Action item: Say how many lines in the entries contain "going", giving only the number.

━━━ The input

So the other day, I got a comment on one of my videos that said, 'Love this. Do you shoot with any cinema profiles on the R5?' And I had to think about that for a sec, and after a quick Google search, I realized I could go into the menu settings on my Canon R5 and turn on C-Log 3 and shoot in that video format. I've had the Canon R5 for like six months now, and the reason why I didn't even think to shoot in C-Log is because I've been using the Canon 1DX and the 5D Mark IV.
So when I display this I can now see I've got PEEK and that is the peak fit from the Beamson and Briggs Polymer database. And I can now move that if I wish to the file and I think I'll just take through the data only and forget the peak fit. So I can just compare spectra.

━━━━━━
━━━ The input

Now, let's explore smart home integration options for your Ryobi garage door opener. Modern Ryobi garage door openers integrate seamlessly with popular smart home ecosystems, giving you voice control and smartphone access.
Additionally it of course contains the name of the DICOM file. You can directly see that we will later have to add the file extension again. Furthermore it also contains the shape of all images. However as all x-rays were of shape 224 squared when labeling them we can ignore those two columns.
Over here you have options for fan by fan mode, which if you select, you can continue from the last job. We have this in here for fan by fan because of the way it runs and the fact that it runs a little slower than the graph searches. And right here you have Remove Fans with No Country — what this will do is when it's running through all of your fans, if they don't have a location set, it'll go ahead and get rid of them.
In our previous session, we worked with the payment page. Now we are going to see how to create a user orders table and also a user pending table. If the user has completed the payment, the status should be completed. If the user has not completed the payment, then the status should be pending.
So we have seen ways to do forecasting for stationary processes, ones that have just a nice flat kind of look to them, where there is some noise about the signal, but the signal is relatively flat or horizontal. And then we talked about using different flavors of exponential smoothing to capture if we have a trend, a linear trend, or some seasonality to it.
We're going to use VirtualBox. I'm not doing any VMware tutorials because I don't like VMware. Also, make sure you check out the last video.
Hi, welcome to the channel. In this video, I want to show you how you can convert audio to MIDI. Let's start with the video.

━━━━━━

Exercise result: 2